August 29, 2005: 8:53 AM EDT

NEW YORK (CNN/Money) - Following reports that hundreds of millions of dollars are missing at a Connecticut hedge fund firm, law enforcement officials may have secured a key piece of evidence from a suicide note left by the company's chief financial officer, a news report said Monday.

The Wall Street Journal reported Monday that Daniel Marino, a partner at the Stamford, Conn.-based hedge fund Bayou Management LLC, drafted a suicide note in which he confessed to swindling investors from 1998 to the present day.

The note, discovered by a Seattle money manager visiting the firm's offices on August 16, linked Marino as well as Bayou founder Samuel Israel III and a former partner James Marquez to the company's recent financial woes.

After receiving a 911 call from the money manager, police tracked down Marino, who was then admitted for a psychiatric evaluation, according to the Journal.

The letter has become a key piece of evidence for Connecticut investigators looking at potential fraud at the firm. State banking authorities, the Federal Bureau of Investigation and the U.S. Attorney's office in Connecticut are all looking into the matter.

Connecticut police said the letter also indicated that Israel and Marino had been involved in altercations in the past. In the note, Marino wrote that Israel had once held a gun to his chest.

Marino and the other partners implicated in the scandal and the money manager who discovered the note did not return phone calls over the weekend.

Connecticut law enforcement officials reported last week that the fraud could involve hundreds of millions of dollars.

Over the past 18 months, Bayou's assets dwindled from more than $500 million. Trading activity by the firm has also dropped off.

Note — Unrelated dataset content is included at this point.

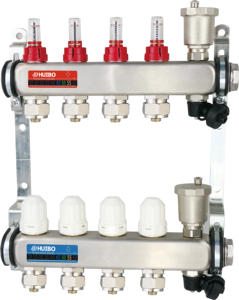 Collecteur de chaleur rayonnante moderne à 6 boucles en acier inoxydable, <span class=keywords><strong>débitmètre</strong></span>, systèmes de chauffage par le sol hydronique pour appartement, cuisine, salle de bain - Product Image 1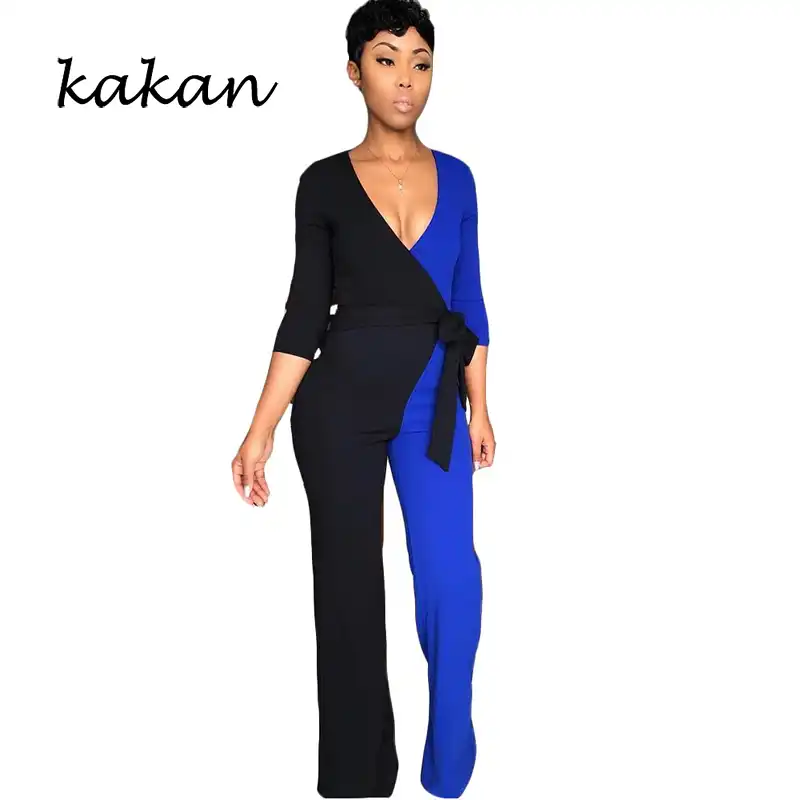 color block jumpsuit black and white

In July, the firm announced that it was closing its operations. In August, investors received a letter from Israel stating that the firm would return their investments by the end of the month. Promised 90 percent back by mid-August, investors were unable to retrieve their money from two of Bayou's funds and received no response to calls to the firm, prompting a state and federal investigation into Bayou Securities.

The Journal also reported that Bayou may have had connections with its auditing firm, Richmond-Fairfield Associates, as Marino filed registration papers for the auditing firm in October of 2000. In 2002, Bayou claimed that Grant Thornton oversaw its books. The paper reported it was unable to contact anyone employed at Richmond-Fairfield and that a spokesperson at Grant Thornton said it had not audited Bayou since the late 1990s.